Started "doing" Pythagorean theorem problems with isosceles triangles today ...

Question

Yesterday, I solved my very first Pythagorean theorem problem! Everything was going good so far, I was solving harder problems very easily. However, today's lesson is a little bit different. I am working with isosceles triangles, and I have the following:

The two equal sides of the isosceles triangle are 25 cm long. The base, on the other hand, is 40 cm. I have to find the height of the triangle (CH).

So, I did the following:

(CH)2 + (AC)2 = (AB)2

(CH)2 + 625 = 1600

(CH)2 = 975

CH = 5 √ 39

Am I correct? Any kind of help is appreciated!

Answer 1

As you noticed in your comment, "I should be using half of AC, instead of the whole side". Indeed. Then you have a right triangle with one leg $20$, and the hypotenuse, say $AB$ of length $25$.
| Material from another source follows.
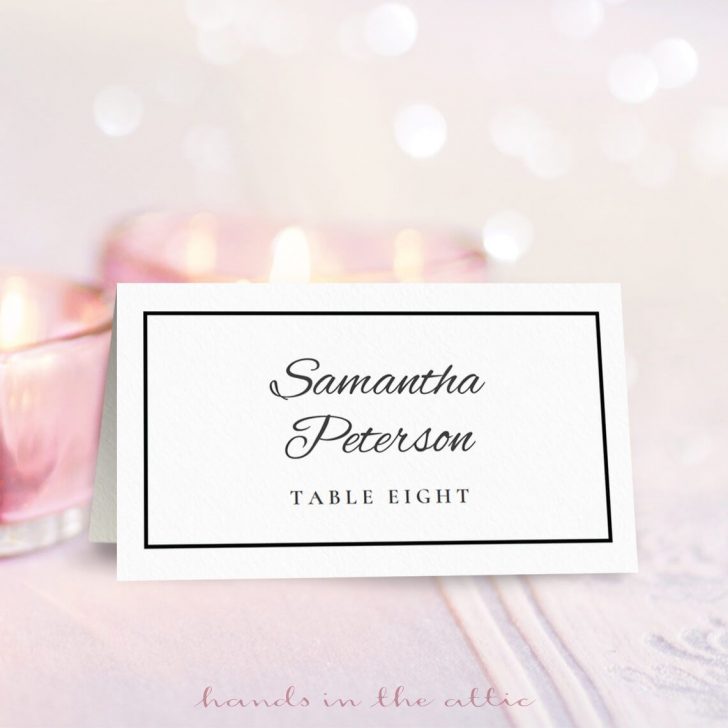 Free Printable Damask Place Cards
So we get the equation, to determine height, $$20^2 + \text{height}^2 = 25^2$$

Now you just need to solve for height: $$\text{height}^2 = 25^2 - 20^2.$$

Answer 2

What you have done wrong is that you messed up with your notations! Let's keep them organized!

Denote your isosceles triangle as $\triangle ABC$ where

• $AB=40$ is the base,
• $CB=CA=25$ are the two sides of equal length,
• and $CH$ is the height that you want to find.

Notice that the point $H$ is the midpoint of the base $AB$. Now let's apply the Pythagorean theorem to the right triangle $\triangle CHA$: $$ CH^2+AH^2=AC^2\;. $$ Now substitution: $AH=\frac12 AB = 20$, $AC=25$. So $$ CH^2 + 20^2 = 25^2 $$ which is $CH^2 +400=625$. Hence $$ CH = \sqrt{225} = 15. $$ Don't you get excited that the length is an integer?! :)